Web Magazine for Information Professionals

Distributed Services Registry Workshop

John Gilby reports on the UKOLN/IESR two-day workshop at Scarman House, University of Warwick on 14-15 July 2005.

The number of available online digital collections is growing all the time and with this comes the need to discover these collections, both by machine (m2m) and by end-users. There is also a trend towards service-orientated architectures and a likely critical part of this will be service registries to assist with discovering services andtheir associated collections. UKOLN and the JISC Information Environment Services Registry Project (IESR) [1] organised a two-day workshop to look at some of the issues that are likely to be present in building a distributed approach. All presentations from the workshop are available on the UKOLN Web site [2].

Presentations

Andy Powell, UKOLN, began proceedings by outlining the purpose of the workshop. The first day was an opportunity via a number of presentations for sharing knowledge of current approaches to service registries and was not limited to the UK. Andy then went on to say that delegates would be required to be more active on Day 2 by taking part in the planned breakout sessions considering the many issues with service registries that are distributed. It was hoped that future work could be agreed and potential partnerships and funding sources identified at the end of the workshop.

The next session was a series of three short presentations from the IESR Project. Amanda Hill, MIMAS gave an overview of the project, currently in its third phase and holding data on around 260 electronic resources contained within the JISC Information Environment. Pete Johnston, UKOLN, then described the background and outline workings of the RSLP Collection Description Schema [3] which forms the basis of the IESR collection metadata. He then concluded his session by outlining the Dublin Core Collection Description Application Profile and the NISO Metasearch Initiative.

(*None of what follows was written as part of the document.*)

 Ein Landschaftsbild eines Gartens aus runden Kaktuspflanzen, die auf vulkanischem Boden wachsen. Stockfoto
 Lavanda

The final IESR presentation was given by Ann Apps, MIMAS, who spoke in more detail about how the IESR works. The metadata describes the resources and includes information on how to access them by various methods such as Z39.50, SOAP (Simple Object Access Protocol), OAI-PMH (Open Archives Initiative Protocol for Metadata Harvesting), Web/CGI and by location URL. All IESR records are covered by Creative Commons licences and all resource providers have agreed to this as it effectively advertises their services in the registry. IESR records can be accessed at present via the Web, Z39.50 and OAI-PMH. Ann concluded her presentation by sharing some thoughts on some current issues identified by the project (scope, scalability, manageability, data ownership, relationship with library portal products) and a distributed service registry model.

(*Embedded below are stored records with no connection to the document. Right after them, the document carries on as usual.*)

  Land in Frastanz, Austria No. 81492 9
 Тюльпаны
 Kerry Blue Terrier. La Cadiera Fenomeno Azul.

Following a sumptuous lunch and the opportunity to network, Jeremy Frumkin, Oregon State University, detailed what they were doing in creating the OCKHAM Digital Library Services Registry (DLSR) [4]. The broad goals of the project were to create a registry for all possible digital library services and to enable m2m digital library service resolving. The DLSR is distributed from the outset, having many nodes over the network and the approach was partly based on the DNS with its hierarchical design and de-centralised administration. Each node has a local copy of the complete registry and OAI is used for propagating data across the network. Similar to the IESR, the DLSR needs to be scalable, manageable, use existing standards and technologies and offers OAI-PMH, Z39.50, SRU/W (Search and Retrieve URL Service/Search and Retrieve Web Service) and Web interfaces to its metadata.

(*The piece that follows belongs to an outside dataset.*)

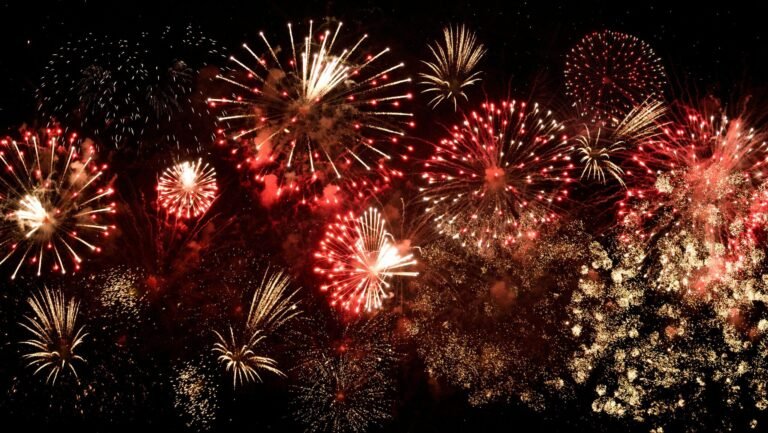 Fireworks at night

Rob Sanderson, University of Liverpool, then gave an overview of the NISO Metasearch Initiative, concentrating on one of three task groups, Collection and Service Descriptions. The purpose for the group was defined as being "To enable the discovery of appropriate, remotely maintained content and a means of retrieving that content", and the scope for the group was enabling the retrieval of items. The group have devised a draft Collection Description Schema based on the Dublin Core Collection Description Application Profile and it provides a core set of collection description properties suitable for collection discovery (rather than item discovery). Service descriptions form the other element of the group's work, and it has been decided to use the ZeeRex [5] schema for service information. Rob concluded by commenting that the Metasearch Initiative does not consider service registries within their remit, tending rather to concentrate on recommending best practice.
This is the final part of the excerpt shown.